[[ Input material, beginning ]]

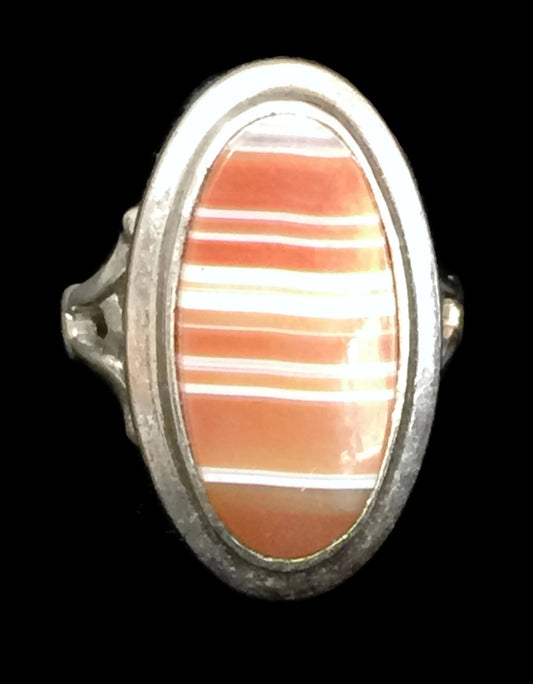Vintage Agate Ring Sterling Silver Stripes Size 5.75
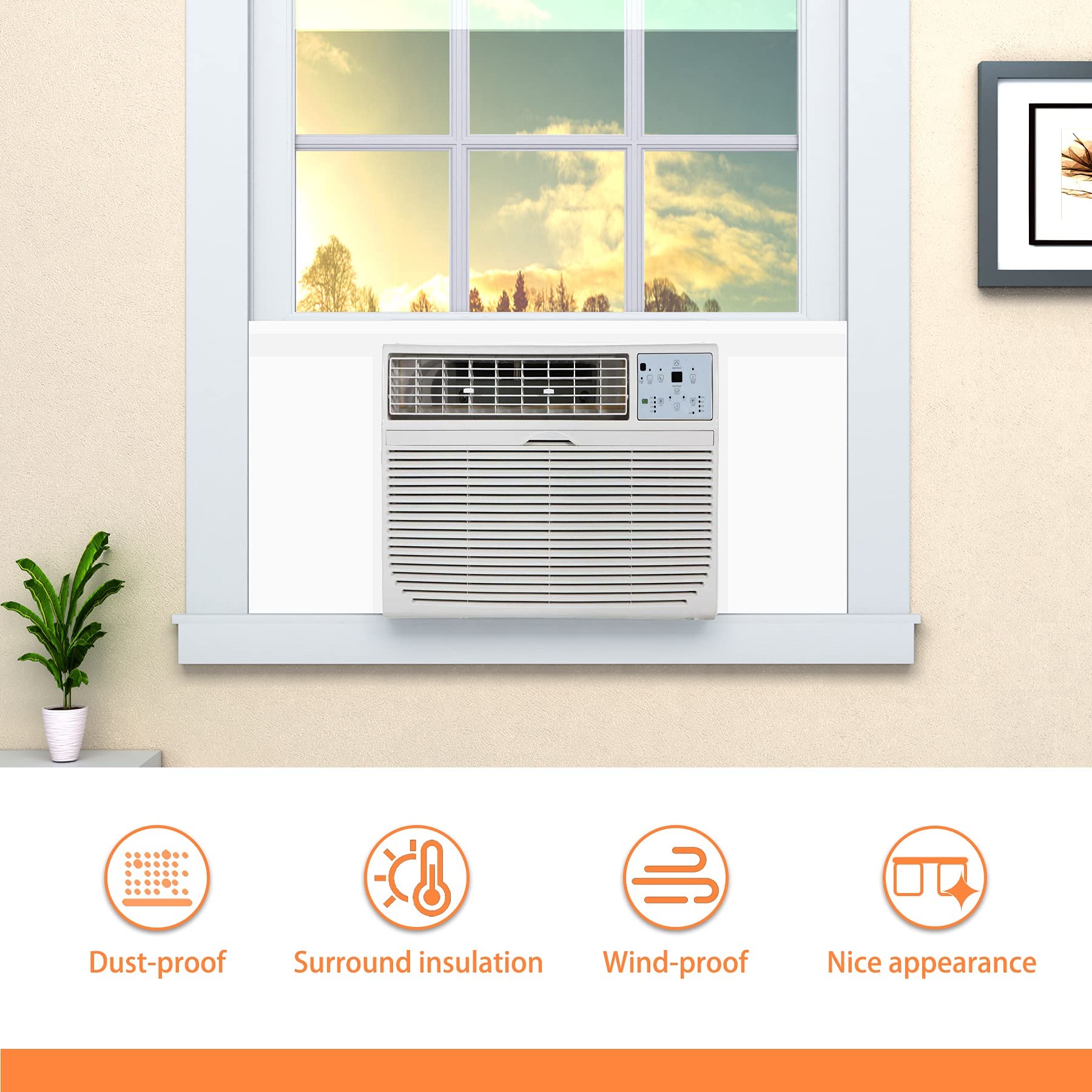 GCGOODS Window Air Conditioner Insulated Foam Panels, Winter Surround Insulation Side Panel with Top Seal Strip for Window AC Unit Indoor, White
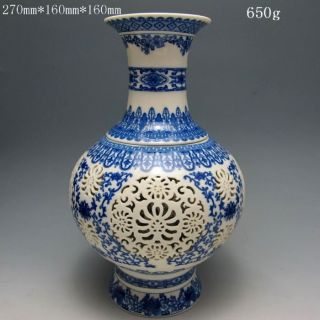 Set 2 Pieces Hollowed Chinese Blue And White Porcelain Big Vase Nr/nc1743 photo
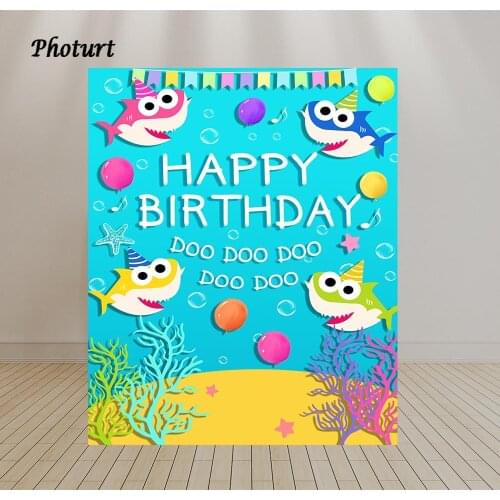 PHOTURT Doo Shark Photography Backdrops Baby Shower Birthday Party Background Balloon Coral Sea Colored Vinyl Photo Studio Props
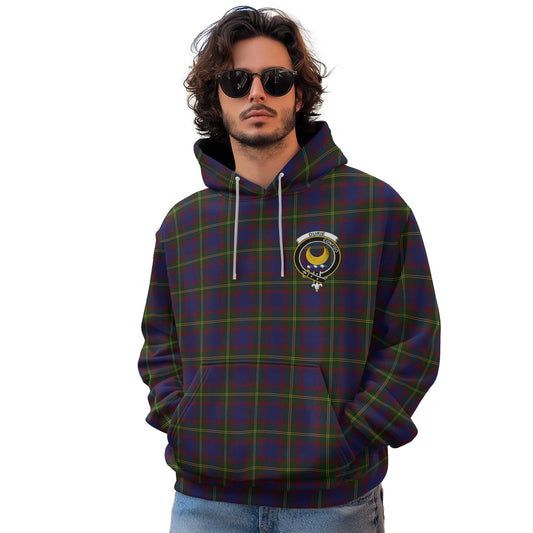 Clan Durie Tartan Men Hoodie Crest And Plaid Basic Style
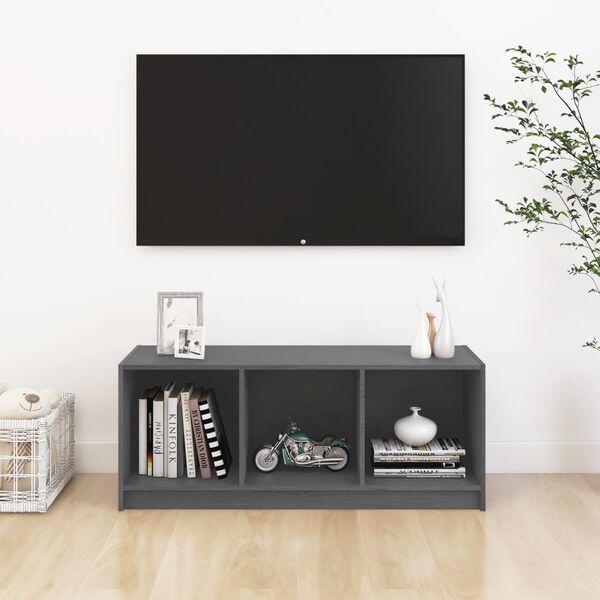vidaXL TV Cabinet Grey 104x33x41 cm Solid Pinewood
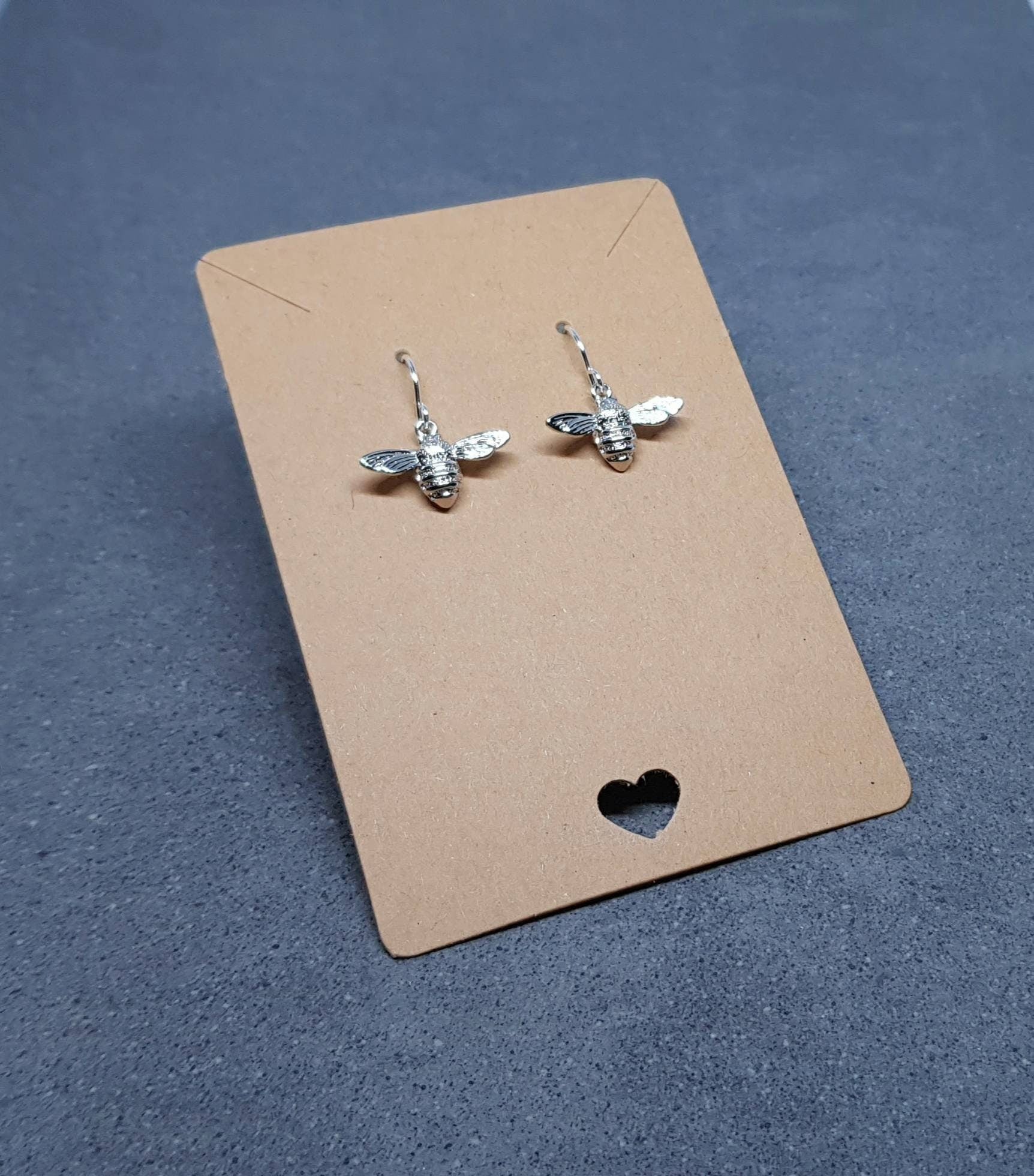 Bee Earrings, Hypoallergenic Ear Wires, Brass Bumble Bee Earrings, Nickel Free, Silver Earrings, Bee Lovers Earrings, Insect Earrings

[[ Input material, end ]]

Goal of the exercise: Word for word, output the lines from the line bearing "PHOTURT Doo Shark" through the end of the records above, and only those, without the pictures.

Answer box:
 PHOTURT Doo Shark Photography Backdrops Baby Shower Birthday Party Background Balloon Coral Sea Colored Vinyl Photo Studio Props
 Clan Durie Tartan Men Hoodie Crest And Plaid Basic Style
vidaXL TV Cabinet Grey 104x33x41 cm Solid Pinewood
 Bee Earrings, Hypoallergenic Ear Wires, Brass Bumble Bee Earrings, Nickel Free, Silver Earrings, Bee Lovers Earrings, Insect Earrings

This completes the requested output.